Why moment-aware evaluation
Status: working draft. The full 2–3 page whitepaper lands before v1.0. The argument below is the abstract.
Most content linters treat a string as a string. They run readability
math (Flesch, syllable counts), check for forbidden words, maybe flag
title-case violations. They are linters in the same way wc -l is a
linter for prose: technically correct, structurally indifferent.
This is fine for a help center where most strings live in roughly the same context. It falls down at scale in product surfaces where the same phrase can be exactly right and disastrously wrong depending on the moment of contact.
Two examples
"Got it." As a confirmation in a low-stakes settings flow: warm, quick, calibrated. As the headline of an error message after a payment fails: callous bordering on cruel.
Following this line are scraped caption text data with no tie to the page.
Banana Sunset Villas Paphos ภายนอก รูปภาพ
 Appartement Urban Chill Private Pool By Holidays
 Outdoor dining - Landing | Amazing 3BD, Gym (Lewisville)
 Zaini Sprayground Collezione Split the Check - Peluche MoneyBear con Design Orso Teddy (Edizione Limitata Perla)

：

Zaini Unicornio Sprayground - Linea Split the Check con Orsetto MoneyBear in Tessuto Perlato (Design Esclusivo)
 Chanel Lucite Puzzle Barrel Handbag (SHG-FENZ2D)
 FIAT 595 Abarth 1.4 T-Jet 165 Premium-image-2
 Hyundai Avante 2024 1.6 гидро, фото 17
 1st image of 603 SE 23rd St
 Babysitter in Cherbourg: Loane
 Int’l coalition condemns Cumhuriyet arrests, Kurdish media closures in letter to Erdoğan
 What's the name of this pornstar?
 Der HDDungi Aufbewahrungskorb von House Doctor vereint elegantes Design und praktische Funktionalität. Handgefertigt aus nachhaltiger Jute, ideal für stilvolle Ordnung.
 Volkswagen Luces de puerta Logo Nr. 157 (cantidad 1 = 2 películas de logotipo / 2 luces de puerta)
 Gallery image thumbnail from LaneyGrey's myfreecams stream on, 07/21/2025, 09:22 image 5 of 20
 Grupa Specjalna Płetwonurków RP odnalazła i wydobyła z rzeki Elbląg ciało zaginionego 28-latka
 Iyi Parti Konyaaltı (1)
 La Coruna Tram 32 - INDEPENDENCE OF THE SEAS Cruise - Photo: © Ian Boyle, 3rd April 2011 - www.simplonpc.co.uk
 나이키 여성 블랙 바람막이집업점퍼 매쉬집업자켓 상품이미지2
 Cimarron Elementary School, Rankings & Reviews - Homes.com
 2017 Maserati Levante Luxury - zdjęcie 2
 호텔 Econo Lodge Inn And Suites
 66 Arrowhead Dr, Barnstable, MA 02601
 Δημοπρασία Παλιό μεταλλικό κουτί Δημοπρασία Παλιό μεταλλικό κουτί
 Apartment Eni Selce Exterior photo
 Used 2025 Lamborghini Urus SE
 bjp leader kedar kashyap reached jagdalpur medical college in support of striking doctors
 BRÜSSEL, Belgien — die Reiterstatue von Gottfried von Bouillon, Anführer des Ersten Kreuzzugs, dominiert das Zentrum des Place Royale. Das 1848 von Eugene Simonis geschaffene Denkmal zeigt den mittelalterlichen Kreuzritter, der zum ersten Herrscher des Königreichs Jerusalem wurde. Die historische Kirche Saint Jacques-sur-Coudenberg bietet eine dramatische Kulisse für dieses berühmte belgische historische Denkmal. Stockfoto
"Save" as a button on a routine form: invisible, correct. As the button on the dialog confirming you're about to overwrite a collaborator's edits: under-built; the situation calls for "Replace" or "Overwrite teammate's changes" so the user can register the gravity.
A stringwise linter has no way to see this difference. It only sees the literal text.
What changes when you add situational awareness
Three things:
- Rule selection. Empathy-in-error-states rules only fire when the string is in fact recovering from an error. The same string posted as a routine confirmation is not graded against them.
- Suggestion shape. Plain-language guidance during first contact suggests a plain-language alternative; the same guidance in a reference surface may suggest a glossary link instead.
- Severity. A length cap violation on a destructive confirmation is a higher-severity finding than the same violation on a browsing surface.
How ContentRX implements it
The engine classifies each string into a (content_type, situation)
pair before any rule runs. Mechanical rules check what they can
statically; nuanced rules go to an LLM with the relevant subset of the
standards library injected as the system prompt. The merge layer
reconciles deterministic and LLM findings, deduplicates, and
prioritizes by severity. Output is a violations list with the public
fields the surface needs — issue, suggestion, severity, confidence —
and nothing else.
The full eval methodology and accuracy reporting land at /accuracy; the weekly calibration log at /calibration shows how the numbers move.